# Instructions for the task
For the material that follows, return exactly the lines from the one with "Käufer Fuß vorbei" through the one with "Vibrant Retreat - Two Bedroom Near Nyc", both ends included.

# Raw data
****
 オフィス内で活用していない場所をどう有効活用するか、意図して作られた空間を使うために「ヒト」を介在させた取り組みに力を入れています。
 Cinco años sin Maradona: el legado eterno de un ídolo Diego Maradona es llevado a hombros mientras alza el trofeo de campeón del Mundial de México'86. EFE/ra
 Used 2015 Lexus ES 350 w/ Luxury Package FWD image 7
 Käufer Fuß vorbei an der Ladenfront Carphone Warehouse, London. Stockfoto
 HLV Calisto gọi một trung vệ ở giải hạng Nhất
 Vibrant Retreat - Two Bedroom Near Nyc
****
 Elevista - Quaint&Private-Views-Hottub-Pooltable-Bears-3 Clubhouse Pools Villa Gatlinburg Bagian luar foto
****
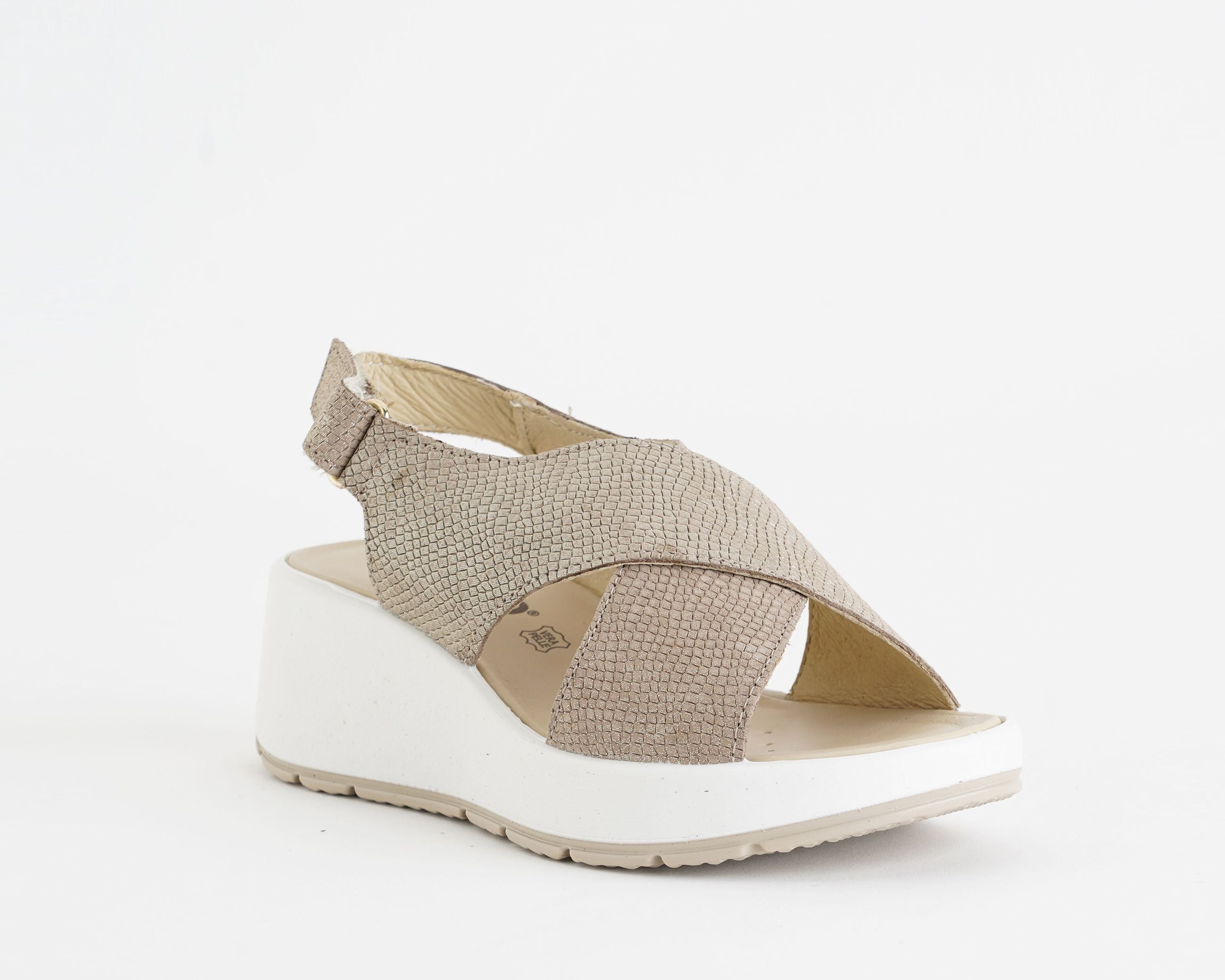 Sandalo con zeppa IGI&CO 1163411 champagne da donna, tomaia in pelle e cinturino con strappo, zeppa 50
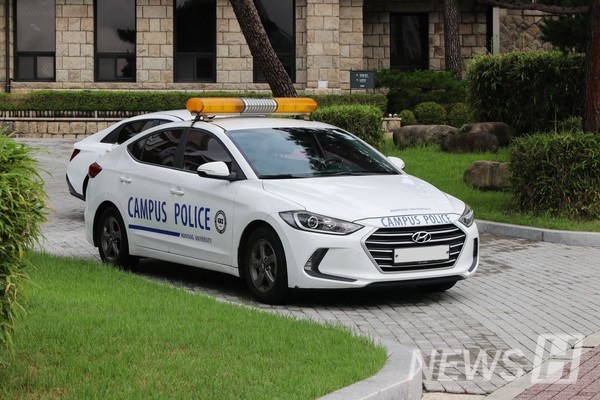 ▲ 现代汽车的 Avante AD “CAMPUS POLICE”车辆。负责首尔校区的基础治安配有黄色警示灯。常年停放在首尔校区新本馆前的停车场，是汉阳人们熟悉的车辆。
****
# Answer space
 Käufer Fuß vorbei an der Ladenfront Carphone Warehouse, London. Stockfoto
 HLV Calisto gọi một trung vệ ở giải hạng Nhất
 Vibrant Retreat - Two Bedroom Near Nyc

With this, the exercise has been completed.